Can you explain more about the purposes and the methods of FMEA?
When we do FMEA, we need to consider the expected failures which may be caused by whatever changes, such as equipment, people, methods or environment. Because if the causes change, the expected failures also change.
According to FMEA method, we have to anticipant the cause of failures with “Failure mode” and “effect of failure mode” in order to prevent troubles.
What is “Failure mode“? What is the difference between “Failure mode” and “Failure“?
“Failure Mode” means “Manner in which an item fail”, and “Failure” means “Loss of function”.
- “Failure Mode“: Disconnection of cables =>”Failure“：Motor stops running
- “Failure Mode“: Have a flat tires => “Failure“：Car stops driving
In manufacturing industry, there are roughly 2 types of FMEA, Design-FMEA and Process-FMEA.
What the difference between Design-FMEA and Process-FMEA?
- Design-FMEA (D-FMEA) : FMEA related to Design
- Process-FMEA (P-FMEA) ：FMEA related to Process
When we make a product, we need to consider expected failures from not only Design point of view, but also from manufacturing process point of view. Thus, it is very important to connect D-FMEA and P-FMEA.
I see. I understand that FMEA helps us design products and processes with high reliability (= don’t often break down or get trouble).
So, can you tell me how to do FMEA?
In FMEA, we quantify the risks (RPN*) determined by multiplying the rating for the three factors (severity x frequency x detection). This helps us prioritize the risks.
*RPN : Risk Priority Number
① Input the Failure Mode (Expected manner which an item fails)
② Input the Impact of this Failure Mode on Product or Customer
③ Rate on a scale of 1 to 10: Severity of the impact.
④ Input the potential causes of failure.
⑤ On a scale of 1 to 10: Frequency of failure
⑥ Input the method (test method) to detect failure
⑦ On a scale of 1 to 10: Detection rate with each test method.
⑧ Calculate Risks (RPN) by Severity③×Frequency⑤×Frequency⑦
I see. Those above steps makes us possible to quantify the risks (RPN), right !?
After that, we try to reduce the risks through these steps ⑨ and ⑩.
⑨ For items with high risks (RPN), input improvement plan to reduce Risks.
⑩ Calculate risks (RPN) after the improvement.
Step ① and ② are specifically important. Because it is said that if we can raise expected risks more, we can do FMEA better with quality.

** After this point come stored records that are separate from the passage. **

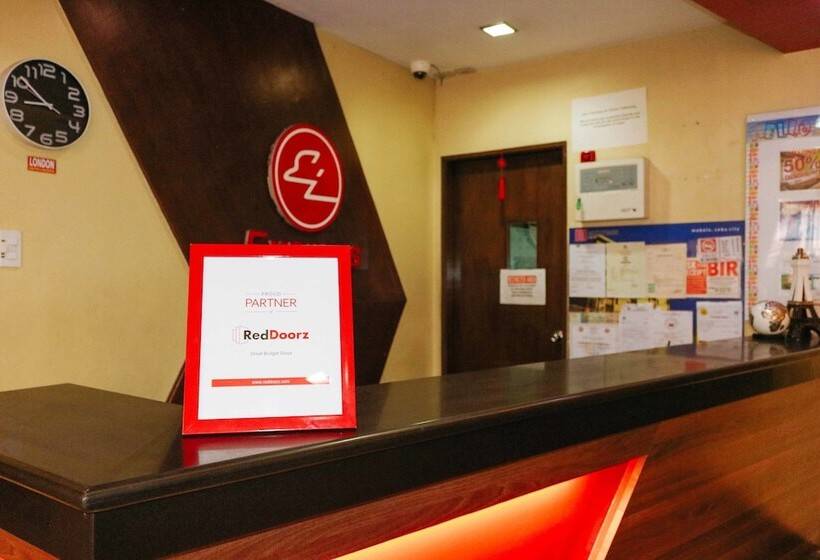Hostel Reddoorz @ Mj Cuenco Avenue Cebu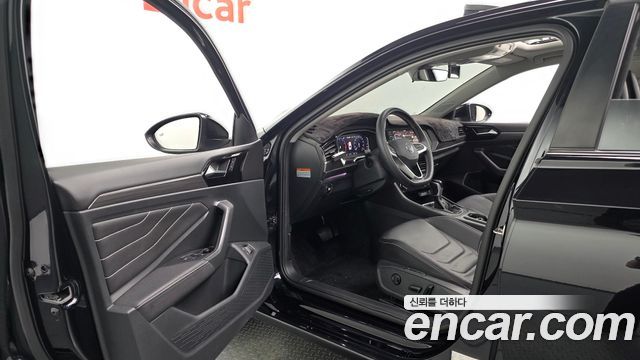 Volkswagen Jetta 2023 — photo 10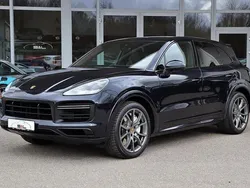 Moonlight blue pearl Gebraucht 2019 Porsche Cayenne Turbo Sport SUV | 75.900 € (Fairer Preis)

I understand that we can reduce risks (RPN) in FMEA by reducing “Frequency” and “Detection“.
*RPN: the less, the better
By the way, IATF16949 requires us to review documents periodically as a corrective action in case failure occurs. It’s important to reduce Risks with FMEA.
When we develop the next model, we usually refer FMEA for the previous model to prevent recurrence of failure. (We usually add new items to FMEA for the previous model.)
It takes time to do FMEA, but once we complete it with one model, then we can leverage it for the next model as well!!